(Caption-style text data)
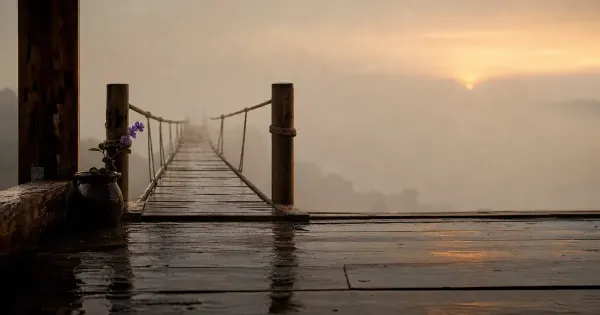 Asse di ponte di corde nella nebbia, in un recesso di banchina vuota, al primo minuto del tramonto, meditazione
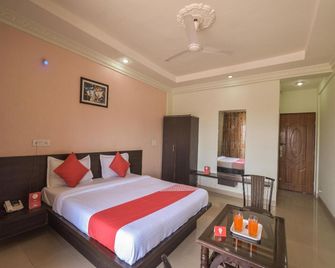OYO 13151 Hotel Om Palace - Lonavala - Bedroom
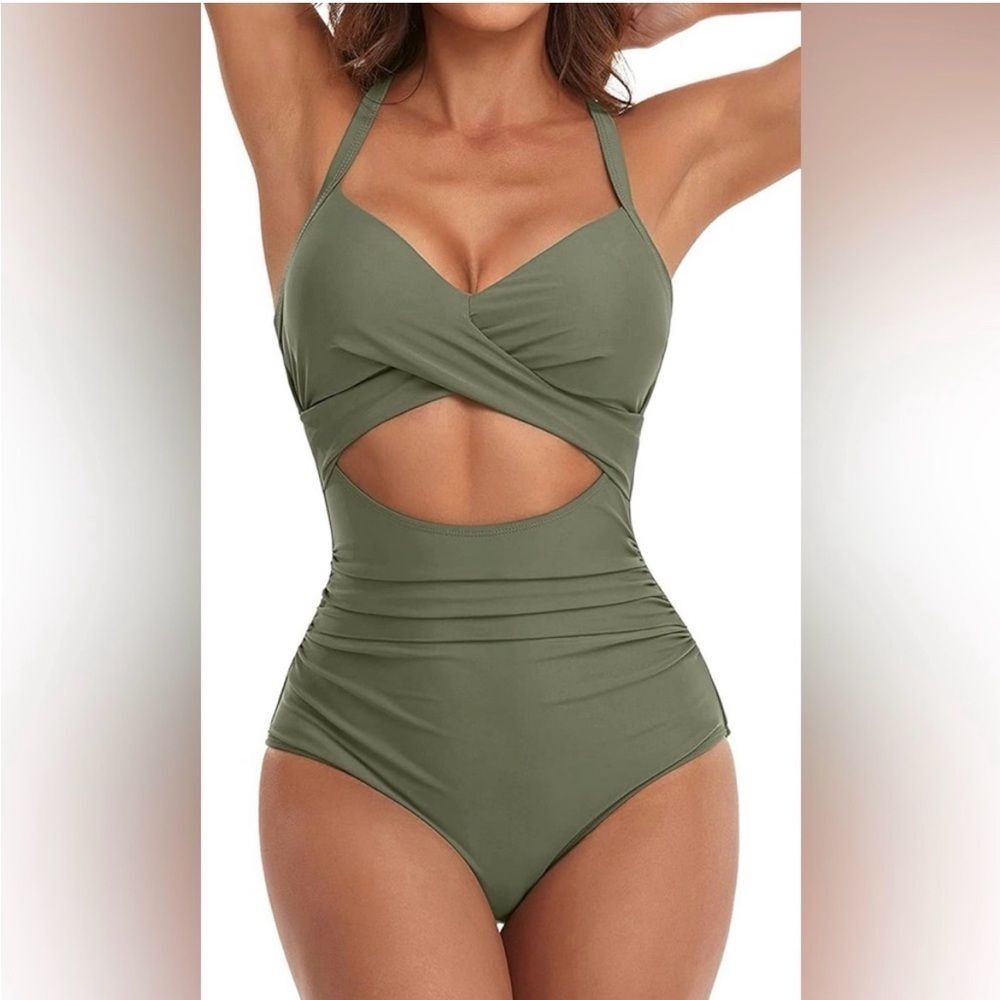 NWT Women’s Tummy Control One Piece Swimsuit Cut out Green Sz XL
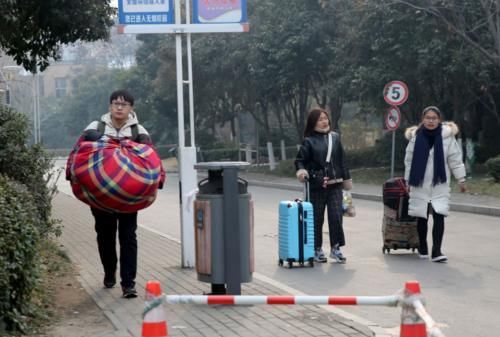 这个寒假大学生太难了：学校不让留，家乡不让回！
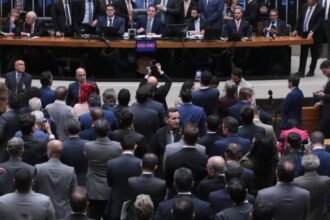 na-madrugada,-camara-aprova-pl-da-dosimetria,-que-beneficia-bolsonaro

> [PROBLEM TO SOLVE] Leave out the pictures, and retype exactly the lines from the one containing "这个寒假大学生太难了：学校不让留，家乡不让回！" through the last line of the data above, no more and no less.

> [ANSWER TO THE EXERCISE]
 这个寒假大学生太难了：学校不让留，家乡不让回！
 na-madrugada,-camara-aprova-pl-da-dosimetria,-que-beneficia-bolsonaro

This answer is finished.